<<<<
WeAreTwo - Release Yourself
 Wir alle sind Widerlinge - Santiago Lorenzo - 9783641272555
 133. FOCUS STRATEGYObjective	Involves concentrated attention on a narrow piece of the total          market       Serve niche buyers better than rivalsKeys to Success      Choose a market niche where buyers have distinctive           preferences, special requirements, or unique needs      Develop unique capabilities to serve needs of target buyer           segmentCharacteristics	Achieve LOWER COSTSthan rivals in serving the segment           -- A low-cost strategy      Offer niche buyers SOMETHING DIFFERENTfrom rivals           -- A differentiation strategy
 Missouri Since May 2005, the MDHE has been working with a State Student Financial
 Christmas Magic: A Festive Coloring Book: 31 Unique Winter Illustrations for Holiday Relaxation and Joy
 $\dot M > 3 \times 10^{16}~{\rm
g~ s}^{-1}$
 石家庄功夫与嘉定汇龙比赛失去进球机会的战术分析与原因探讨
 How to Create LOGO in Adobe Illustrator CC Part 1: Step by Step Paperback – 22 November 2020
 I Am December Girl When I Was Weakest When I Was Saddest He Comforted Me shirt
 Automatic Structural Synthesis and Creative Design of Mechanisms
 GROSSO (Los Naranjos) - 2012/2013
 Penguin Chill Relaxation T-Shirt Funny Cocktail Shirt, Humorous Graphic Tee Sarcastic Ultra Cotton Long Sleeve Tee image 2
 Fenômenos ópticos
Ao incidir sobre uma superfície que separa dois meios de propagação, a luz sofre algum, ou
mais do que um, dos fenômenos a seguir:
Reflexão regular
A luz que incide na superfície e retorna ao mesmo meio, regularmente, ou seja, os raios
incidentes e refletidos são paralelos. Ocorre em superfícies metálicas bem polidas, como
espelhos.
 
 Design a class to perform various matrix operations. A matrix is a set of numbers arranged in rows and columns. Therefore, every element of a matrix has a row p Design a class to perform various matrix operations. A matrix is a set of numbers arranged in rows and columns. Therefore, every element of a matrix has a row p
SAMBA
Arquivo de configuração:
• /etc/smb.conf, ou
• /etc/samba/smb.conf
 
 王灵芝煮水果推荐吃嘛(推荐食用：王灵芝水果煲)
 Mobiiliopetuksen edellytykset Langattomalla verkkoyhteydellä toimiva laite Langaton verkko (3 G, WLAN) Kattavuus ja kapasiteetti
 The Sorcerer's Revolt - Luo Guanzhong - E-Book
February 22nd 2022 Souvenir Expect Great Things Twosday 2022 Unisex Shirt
>>>>
WHAT IS REQUIRED. Reproduce only the lines above, starting at the line with "GROSSO (Los Naranjos) - 2012/2013" and ending at the line with "A luz que incide", exactly as written.

RESPONSE AREA.
 GROSSO (Los Naranjos) - 2012/2013
 Penguin Chill Relaxation T-Shirt Funny Cocktail Shirt, Humorous Graphic Tee Sarcastic Ultra Cotton Long Sleeve Tee image 2
 Fenômenos ópticos
Ao incidir sobre uma superfície que separa dois meios de propagação, a luz sofre algum, ou
mais do que um, dos fenômenos a seguir:
Reflexão regular
A luz que incide na superfície e retorna ao mesmo meio, regularmente, ou seja, os raios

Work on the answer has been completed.